Esta crise, contudo, também constitui uma enorme ameaça para a ordem interna dos Estados europeus e para a coesão e estabilidade da própria União. A Alemanha, por exemplo, estima acolher este ano perto de 800 mil refugiados, o que corresponde a 1% da sua população total. 1% pode não parecer muito, mas é 1% este ano, a juntar-se aos mais de 10% de imigrantes que já residem no país, e com mais para vir nos próximos anos. Um influxo desta magnitude tem consequências profundas no tecido sociocultural de um país, e iludem-se aqueles que acham que tanta gente em tão pouco tempo pode ser absorvida pelas sociedades de acolhimento sem problemas.

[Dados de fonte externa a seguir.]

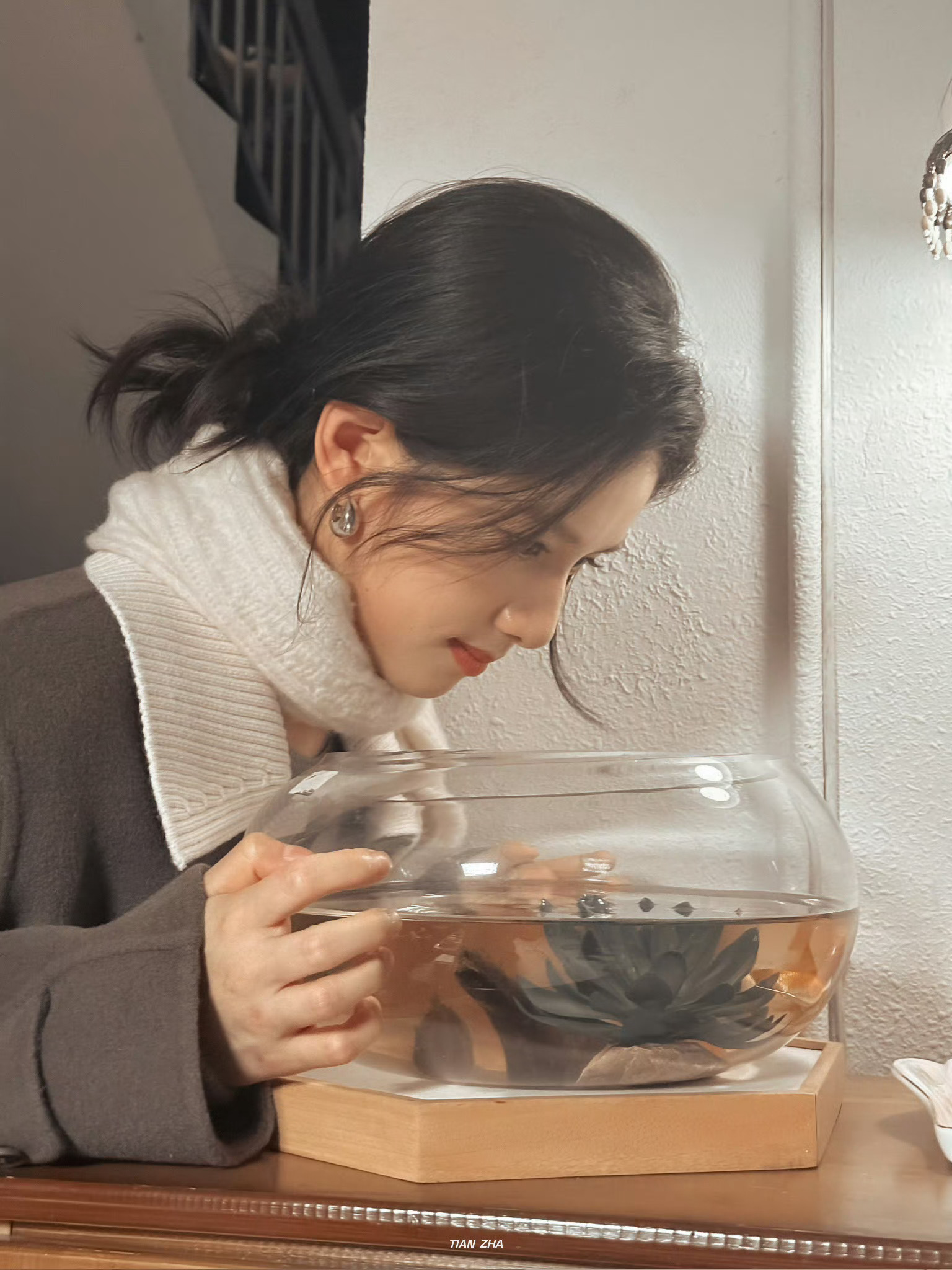 我家爱豆说啥了 “下次生气想说话之前 停顿十秒钟再决定说不说”         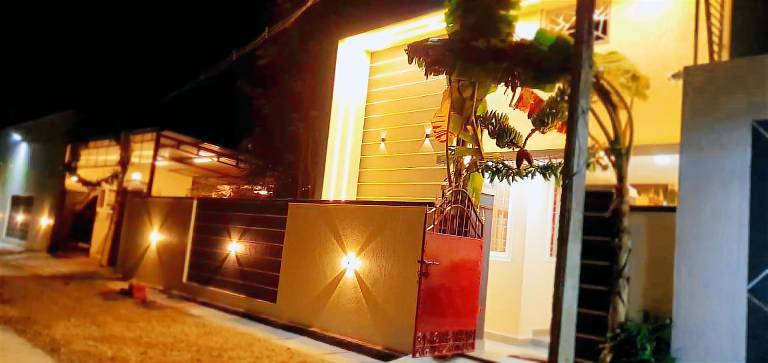 200 m&sup2; Villa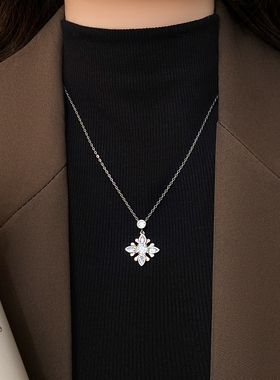 银色锆石四叶草吊坠毛衣项链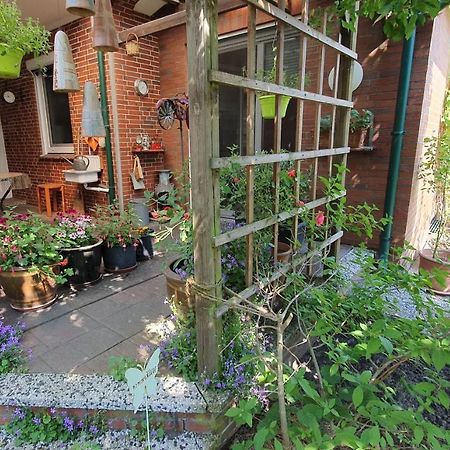 Ruhige Gästesuite mit Frühstück Rhauderfehn Exterior foto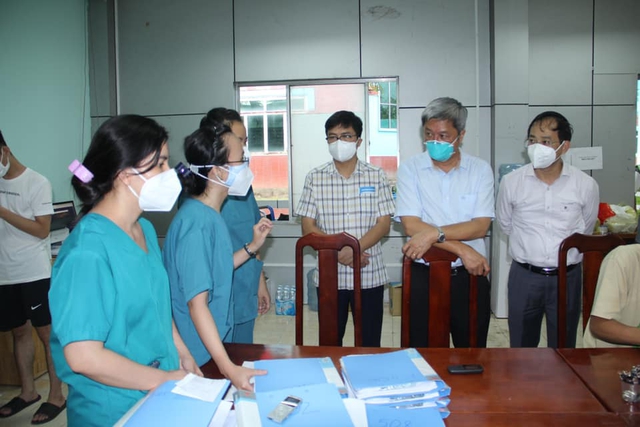 Thứ trưởng Bộ Y tế Nguyễn Trường Sơn kiểm tra công tác phòng, chống dịch COVID-19 tại huyện Bình Chánh - Ảnh 5.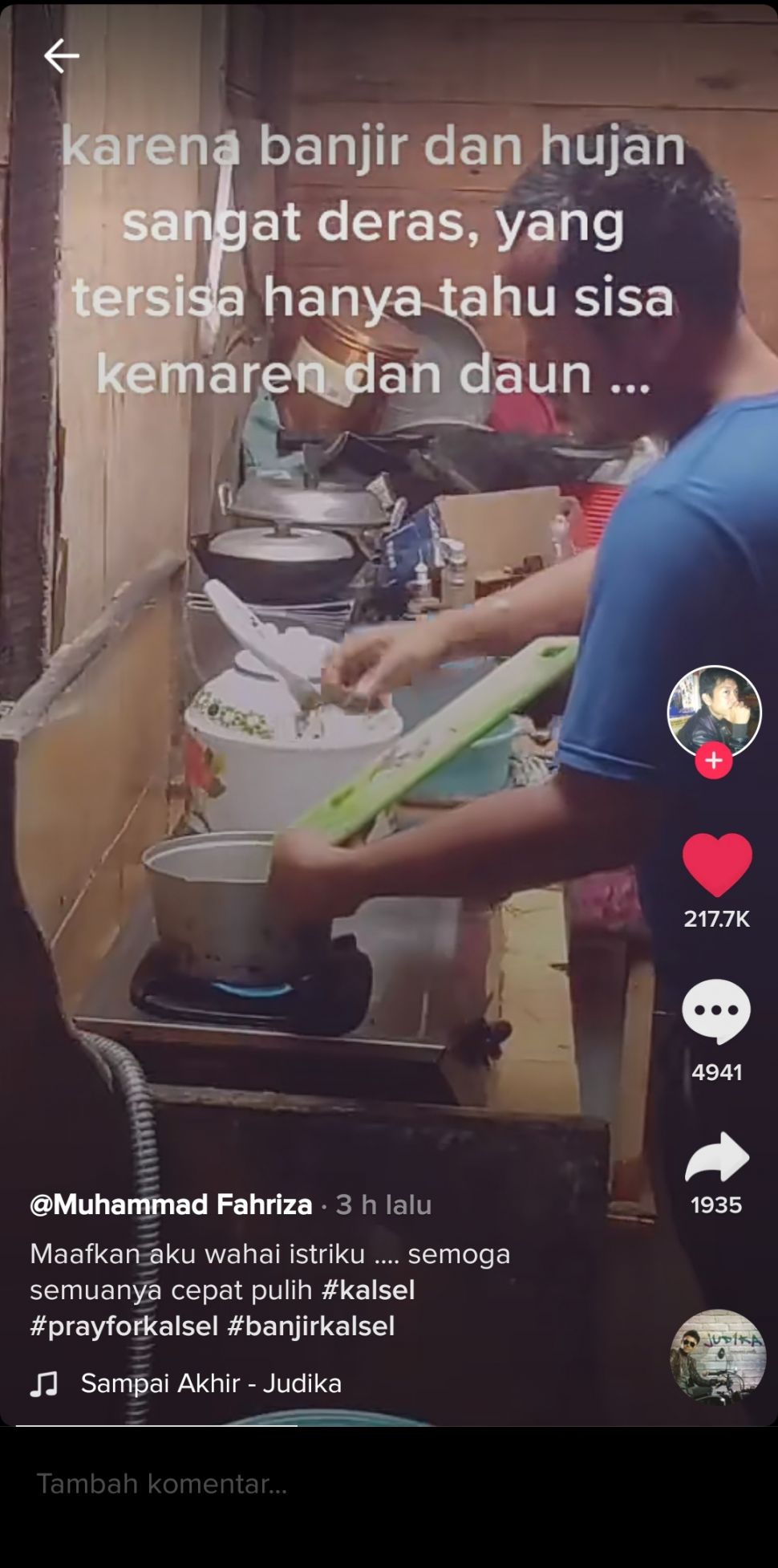 Pria ini memasak di tengah banjir untuk istrinya yang baru melahirkan (TikTok @muhammadfahriza7)
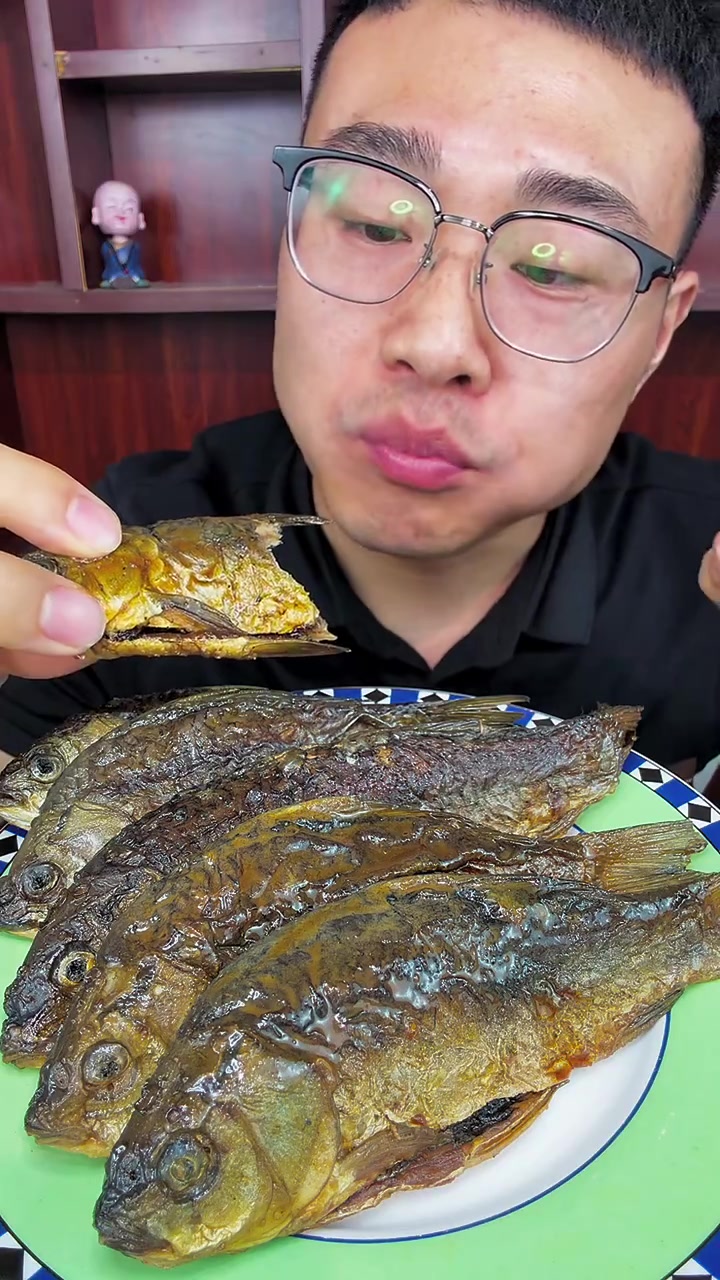 手抓小鲫鱼，骨酥肉烂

É que, por mais que os defensores do multiculturalismo se recusem a admiti-lo, a verdade é que muita gente (e será optimista, talvez até demasiado, achar que não são a maioria) se sente desconfortável quando deixa de percepcionar a sua cultura como hegemónica no seu país de origem. As imagens de alemães e austríacos a distribuírem água e comida e a aplaudirem a chegada dos refugiados pode ser reconfortante para quem considera (como eu considero) que isso é um passo na direcção certa, mas não nos pode fazer esquecer que convive com a subida de partidos com mensagens anti-imigração na Suécia, Hungria, Dinamarca, França e Finlândia. E este, ao contrário dos aplausos e da distribuição de comida e cobertores, não é um fenómeno pontual que se verifica como resposta emotiva a uma crise ─ pelo contrário, tem sido estável e constante ao longo dos últimos anos.

Se o potencial para tensões sociais já é à partida enorme, ele é ainda exacerbado pelo facto de, apesar das muitas mulheres e crianças, o actual fluxo de migrantes ser maioritariamente constituído por homens jovens, com um quadro cultural e de valores muito diferente do das sociedades de acolhimento, e muitas vezes com um background marcado por situações traumáticas de violência. Isto cria condições para simultaneamente exponenciar o sentimento dos "nativos" de que estão sob ataque por uma horda de invasores percepcionados como agressivamente diferentes, e fomentar uma mentalidade de gueto e de "auto-protecção" entre os recém-chegados, dois fenómenos que se retroalimentam.

A questão da forma como os migrantes são recebidos à chegada ao espaço europeu torna-se assim crucial se se espera gerir este sempre difícil e problemático processo da melhor maneira. Se forem bem recebidos, ganhar-se-á um vasto capital de gratidão que tenderá a marcar toda a sua relação com o país de acolhimento e com o espaço europeu em geral. Se não, sentir-se-ão indesejáveis à partida, e tenderão a enquadrar-se no modelo comportamental do "outsider", estabelecendo desde o primeiro momento uma relação emocional negativa com o espaço europeu e com a sociedade de acolhimento, e tendencialmente reforçando valores e componentes culturais contrárias ao quadro europeu como forma de afirmação de uma identidade oposta ao arquétipo promovido pela sociedade que os rejeita.

A dimensão humanitária da crise dos migrantes é premente, mas qualquer resposta por parte da UE a este problema não pode ser desligada do impacto que terá nas sociedades europeias. Para que a Europa possa dar uma resposta positiva a esta crise (e simultaneamente aproveitar a oportunidade que ela representa), é fundamental alterar radicalmente a forma como os migrantes estão a ser recebidos à chegada à União. Caso contrário, estar-se-á apenas a lançar as sementes de crises futuras ─ desta feita no interior do espaço europeu, e já não às suas portas.